Configuration file discovery

The dashboard reads the same config file as the runtime, using the same search order:

SourcePriority
CLIO_SERVER_CONF environment variable1st
~/.clio/clio.yaml2nd

Legacy paths (~/.clio/chimaera.yaml, ~/.chimaera/clio.yaml, ~/.chimaera/chimaera.yaml) and the legacy env var (CHI_SERVER_CONF) are also accepted. See Deprecation Notes for the full list, and Configuration for the file format.

Connection lifecycle

The dashboard connects to the runtime lazily — on the first request that needs live data. If the runtime is not yet running when the dashboard starts, it will show a disconnected state and retry on subsequent requests. Shutdown is handled automatically via atexit so the client is finalized cleanly when the server process exits.

Docker / remote access

When running the runtime inside Docker or on a remote host, bind the dashboard to all interfaces and forward the port:

# On the host running the runtime
python -m context_visualizer --host 0.0.0.0 --port 5000
# docker-compose.yml — expose the dashboard port alongside the runtime
services:
iowarp:
image: iowarp/deploy-cpu:latest
ports:
- "9413:9413" # CLIO Runtime RPC
- "5000:5000" # Dashboard
command: >
bash -c "clio_run start &
python -m context_visualizer --host 0.0.0.0"
warning

The dashboard has no authentication. Do not expose it on a public network without a reverse proxy that enforces access control.

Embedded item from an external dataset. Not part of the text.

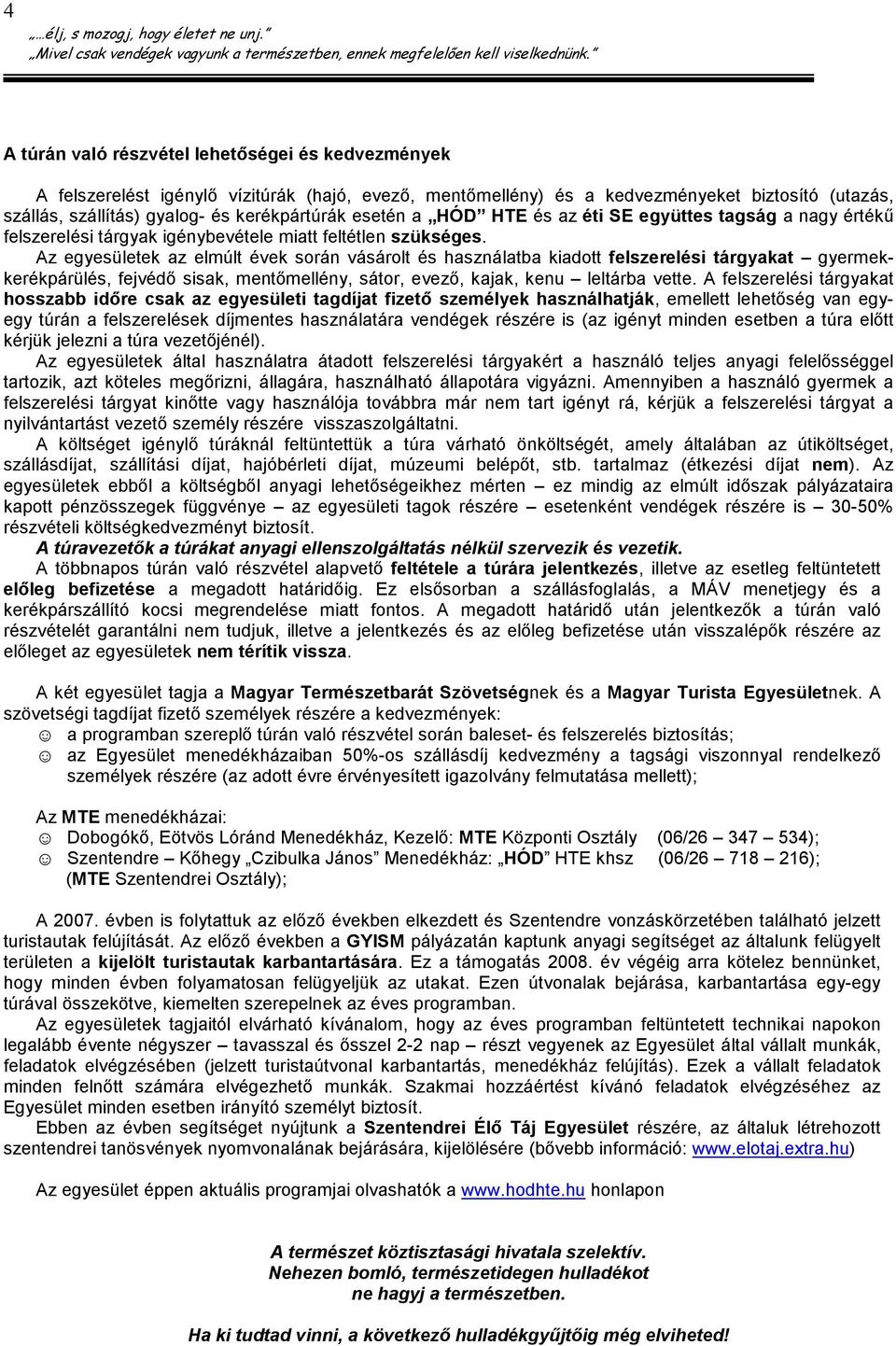 Az egyesületek az elmúlt évek során vásárolt és használatba kiadott felszerelési tárgyakat gyermekkerékpárülés, fejvédı sisak, mentımellény, sátor, evezı, kajak, kenu leltárba vette.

Try it: interactive Docker cluster

An interactive test environment is provided that spins up a 4-node CLIO Runtime cluster with the dashboard so you can explore all features from your browser.

Location

context-runtime/test/integration/interactive/
├── docker-compose.yml # 4-node runtime cluster
├── hostfile # Node IP addresses (172.28.0.10-13)
├── clio_conf.yaml # Runtime configuration
└── run.sh # Launcher script

How it works

  • 4 Docker containers (iowarp-interactive-node1 through node4) run the CLIO Runtime on a private 172.28.0.0/16 network, each with sshd for SSH-based shutdown/restart
  • Node 1 also runs the dashboard alongside its runtime
  • The script connects the devcontainer to the Docker network and starts a local port-forward so that localhost:5000 reaches the dashboard inside Docker — VS Code then auto-forwards this to your host browser
  • SSH keys are distributed via a shared Docker volume so the dashboard can authenticate to all nodes

Running

cd context-runtime/test/integration/interactive

# Foreground (Ctrl-C to stop)
bash run.sh

# Or run in the background
bash run.sh start

# Follow runtime container logs
bash run.sh logs

# Stop everything (cluster + dashboard)
bash run.sh stop

Once the cluster is up (~15 seconds), open http://localhost:5000 to browse the topology, click into individual nodes, and use the Restart/Shutdown buttons.

If running from a devcontainer or a host where the workspace is at a different path, set HOST_WORKSPACE:

HOST_WORKSPACE=/host/path/to/workspace bash run.sh

Darshan I/O analysis

For low-level I/O performance analysis, use the Darshan MCP server from CLIO Kit:

uvx clio-kit mcp-server darshan

This provides 10 tools for bandwidth analysis, access pattern detection, and bottleneck identification.